Proactively and openly talking about balancing professional and personal life will also be key to enabling more women to be successful – and to take on senior roles, believes Jennifer. “We can’t hide from the fact that women are the child bearers, and finding the balance between professional and personal life can be difficult.” Jennifer is based in Canada, where parents are afforded an entire year off for maternity – or paternity – leave, and it can be split between each parent. “I’ve seen more and more people taking advantage of this arrangement, with the male taking more of a parenting role. In my case, my husband and I shared parenting responsibilities as much as possible – and certainly more than my parents ever did,” she notes.

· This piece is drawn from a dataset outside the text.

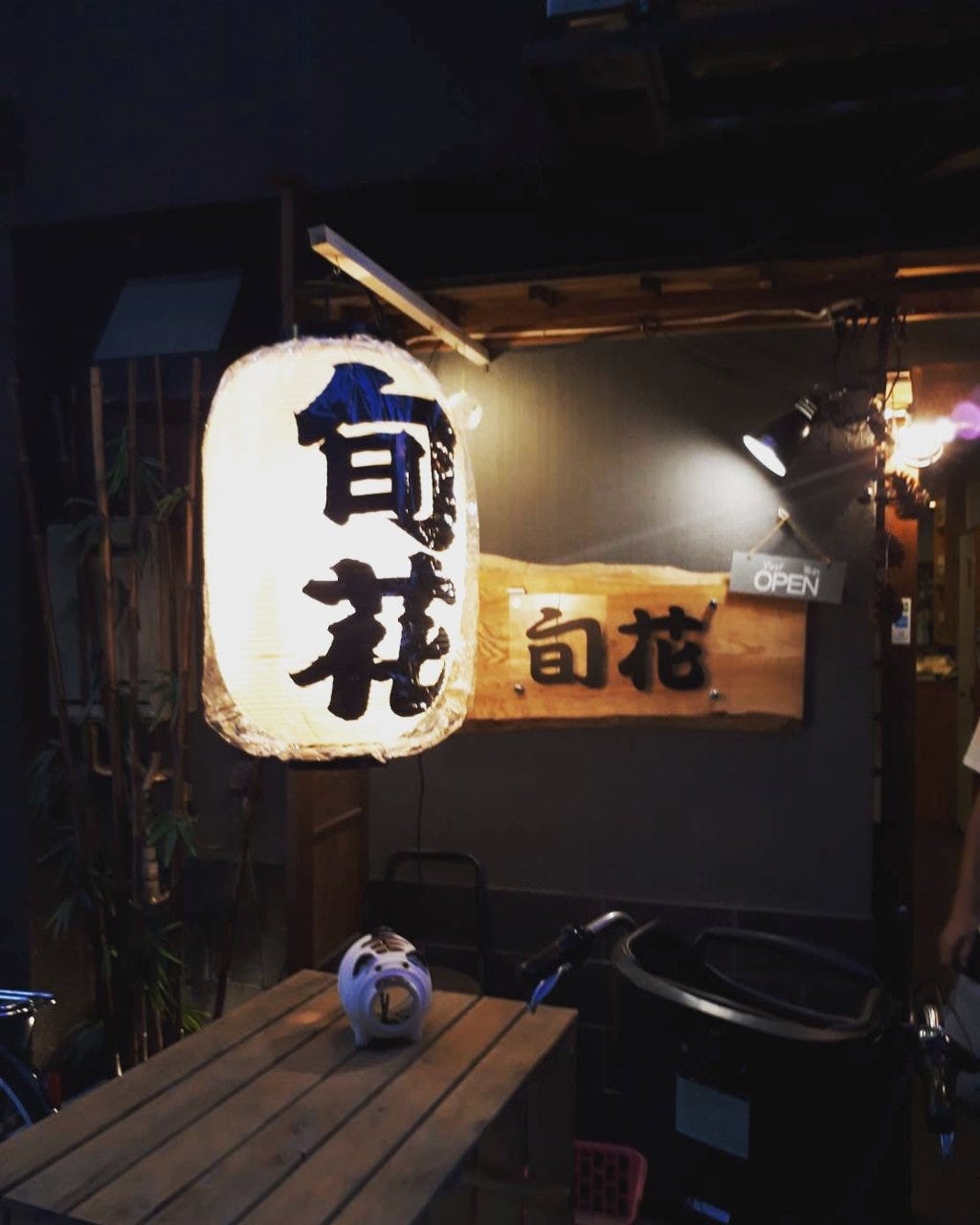 21年 最新グルメ 浅草にある掘りごたつでマッタリできるお店 レストラン カフェ 居酒屋のネット予約 東京版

But even though home life may be evolving to cater more towards working women’s lives, after mothers return to work, maintaining that balance is a challenge. Says Jennifer: “As women achieve more senior positions and better pay, nannies or home care givers can be an option. But if you don’t start in those senior positions, if you are working your way up in a career with small children at home, it’s tough to put in long days at work and still have the time and energy to devote to your family.”
So what advice does Jennifer have for women aspiring to the higher treasury ranks, and how does she put this into action within her own team? “The role of treasurer is probably as high as you’ll go in this profession. I got all the way here, having really started from the very bottom, so I have great appreciation for every person on my team – their contributions and their career aspirations, as well as the expectations they have of me to lead them and help them grow.
“I emphasise cross-training on my team. Every person becomes more valuable when they not only know their own role, but they also understand how others impact the team. Someone in banking should also understand cash management; FX traders need to understand investments and interest rate swaps. That’s the biggest thing I encourage people to do – don’t just do your job, try to learn more about what others do and how that makes you a better employee,” she advises.
Finally, from a leadership perspective, making sure you’re hiring the right people is vital not only to the company’s success but to your personal success too, says Jennifer. “If my boss trusts me in making decisions, I need to trust my team in making decisions – I need to be able to rely on them as much as my boss relies on me.” And in her role at BlackBerry, it certainly seems that Jennifer can do just that.